In this experiment, the tape was applied to the same pups at different ages: PNDs 1, 3, 5 and 7. The pups were born from Kiss1+/− parents and were identified individually by tattoo on limbs with India ink on PND 1. Sample collection, DNA extraction and PCR were performed as described above. As shown in Fig. 2, the genotypes of the pups were identified at PNDs 7 and 5 (A and B), and the amplification from the PND 7 sample (A) allowed accurate genotyping for all of the samples. More DNA was yielded when more tape was used for the extraction; however, this modification also caused nonspecific amplification, likely due to the inhibitory effects of adhesive tape on PCR (data not shown).

Fig. 2.

Amplification products of the Kiss1 gene from specimens collected from the back of neonates in the same litter with adhesive tape on postnatal days (PNDs) 7 (A), 5 (B), 3 (C) and 1 (D). The neonates were identified individually on PND 1, and samples were loaded according to age on 2% agarose gels in numerical order of the neonate identification numbers. A 937-bp product was amplified from the tandem dimer Tomato (tdTomato) reporter gene generated by homologous recombination with the kiss1 gene. A 294-bp product was amplified from the kiss1 gene. Six heterozygotes, 5 knockouts and 3 homozygotes were identified at PNDs 7 and 5, but not at PND 3 or 1. MW, 100-bp molecular weight marker. Numbers on the top panel represent the identification number of each neonate.

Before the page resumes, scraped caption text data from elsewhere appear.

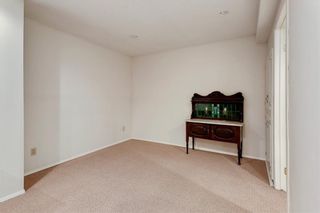 Photo 19: 52 WOODMEADOW Close SW in Calgary: Woodlands Semi Detached for sale : MLS®# C4259772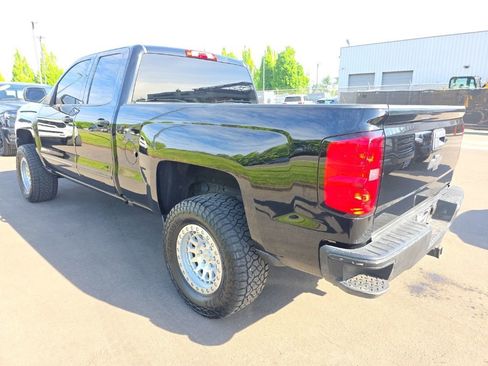 Used 2019 Chevrolet Silverado 1500 LT AWD/4WD image 3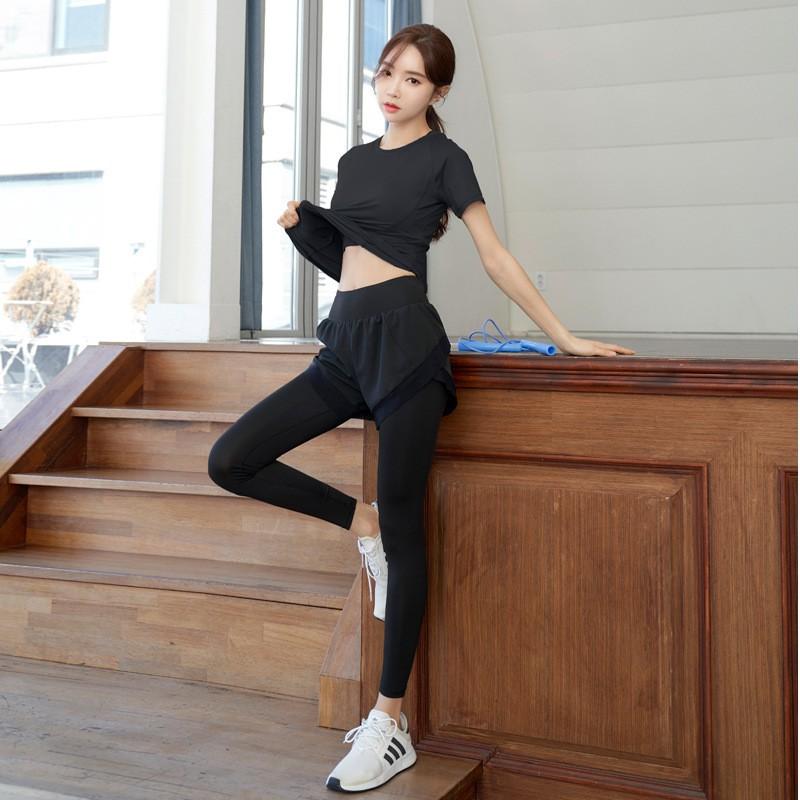 Womens Quick-Dry Yoga Set Short Sleeve Top Capri Leggings Breathable Running Fitness Sportswear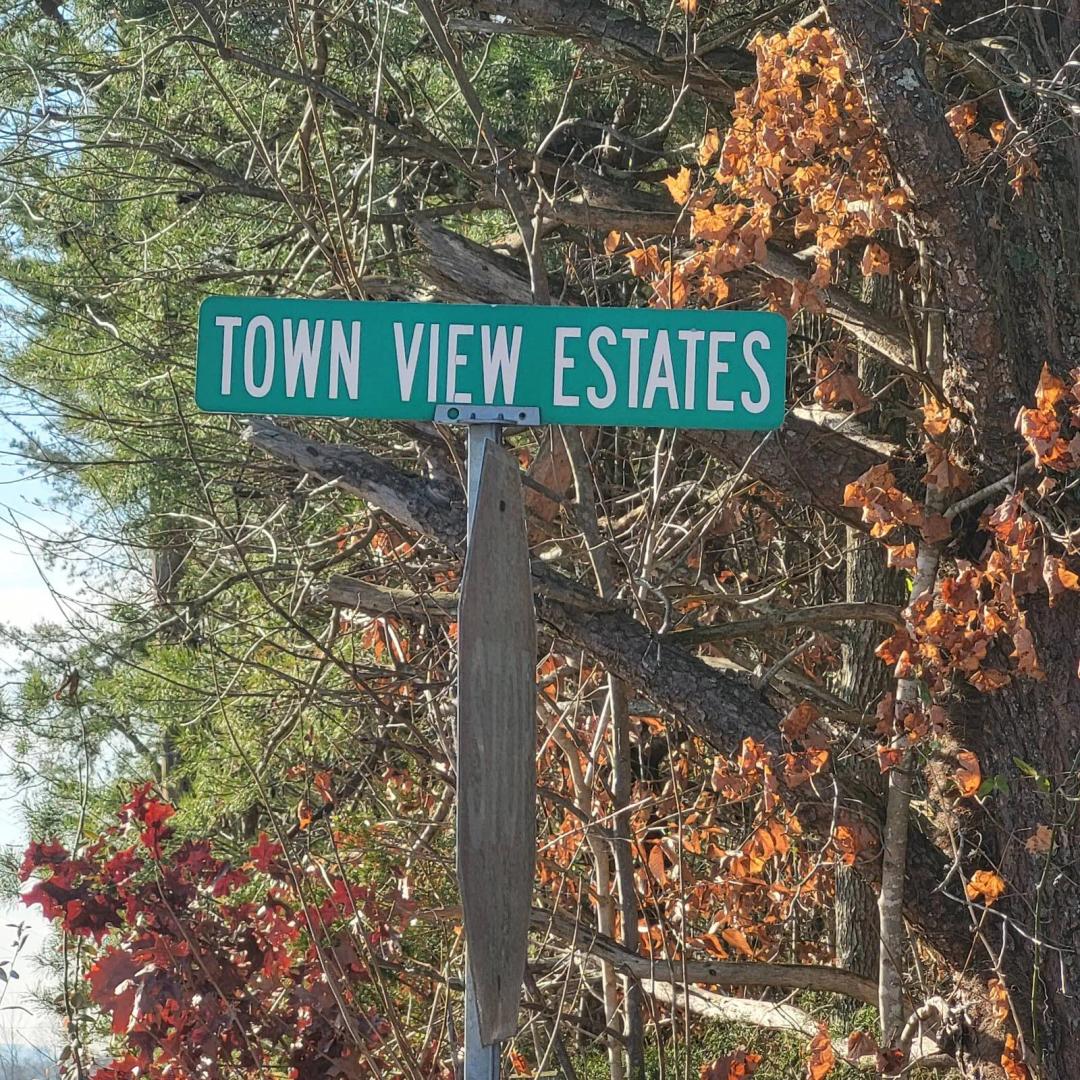 000 TOWN VIEW ESTATES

We conclude that the application of Scotch® Mending Tape to the back of neonatal rats beginning at PND 7 can distinguish genotypes reliably without invasive burden. The 3Rs are strongly recommended in animal experiments, and genetically modified animals have been applied in various fields of life sciences. Thus, the present methods may contribute not only to refinement but also to the improvement of life science research.

The animal experiments described above were approved by the Committee of Animal Experiments at Azabu University.